There’s no glossing over the facts – most of us could do with brushing up on our painting skills.

So if you’ve already read up on how to paint a room, you’ll be able to find some additional hints and tips in this blog post.

Brush, roller, or pad?

A brush is ideal for covering small spaces and areas where accuracy is important, such as woodwork and edges. Synthetic-bristle brushes should be used with latex paints, while synthetic or natural-bristle brushes can be used with oil paints.

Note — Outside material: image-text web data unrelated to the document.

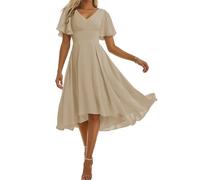 Women's Bridesmaid Dresses with High Low Chiffon V Neck Wedding Party Gowns for Wedding Champagne UK14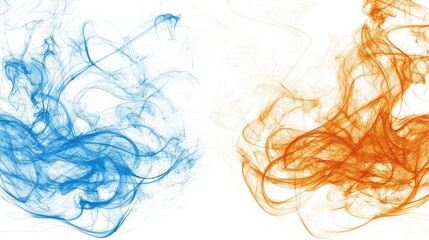 Blue and orange smoke swirls on white background; abstract art for design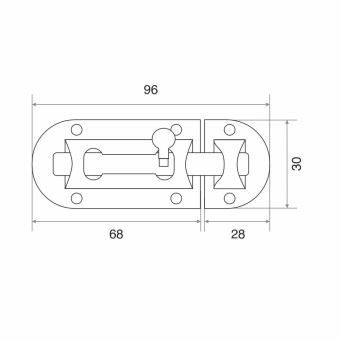 Шпингалет Trodos ZY-113/L90 CP хром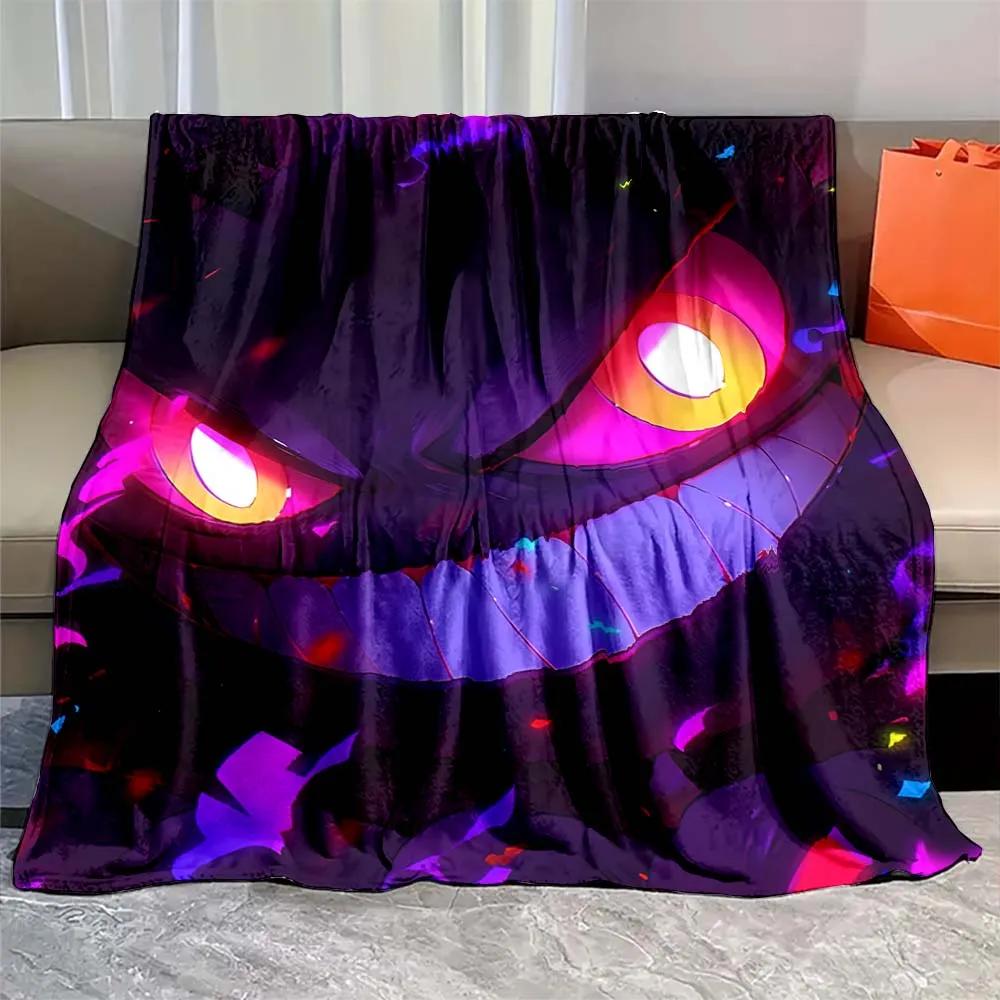 Japanese Games Pokemon Gengar Cartoon Blanket Warm Soft Flannel Material Suitable for Home Sofa Travel Camping RV Luxury Gift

Rollers are the most common tool for covering walls; pads provide a cleaner alternative – but need dipping in paint more often.

Always use a paint kettle

Lugging around a big tin of paint can get tiring, so the professionals always decant into a smaller and more portable pot called a ‘kettle’. If you decide to use one of these, then carefully line it with foil to make cleaning up a doddle.

Get an even finish

When you’re using a paint brush, dip a third of it in paint and then wipe the excess off before starting. This will help you to avoid overloading your brush and subsequently painting thick and thin patches on your walls.

Watch our video to find out how to avoid paint drips running down the side of your tin and making a mess.

Cutting in

Cutting in is the technique used to paint a corner, such as the line between the wall and ceiling. Keep the brush tight up to the edge and use long strokes to help maintain a smooth, clean line. Concentration is key.

Keep a rag nearby

Sounds like obvious advice, but it’s only when you have a spill that you’ll notice you haven’t got a rag handy to tidy up with.

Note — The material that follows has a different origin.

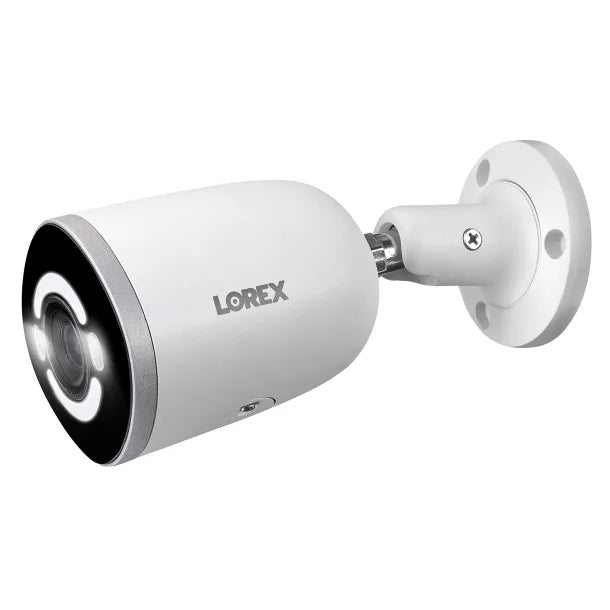 Lorex® IP Wired 4K AI Smart Security Lighting Deterrence Bullet Camera with Smart Motion Detection, White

To clean, or not to clean your brushes?

If you’re only taking a break for lunch, then there’s no point in fastidiously cleaning your brush. Instead, tightly wrap it in a plastic bag and seal it with tape. You can even do this at the end of the day, but store your equipment in the freezer because then the paint won’t dry.

Once the job is finished, you should do a thorough clean. Remove any excess paint from the brush by wiping it with a cloth, and then you should stir it in a jar filled with either white spirit (oil and gloss) or warm water with washing-liquid (emulsion), making sure to separate all the bristles. Repeat the steps three or four times and then give the brush a good rinse under a tap.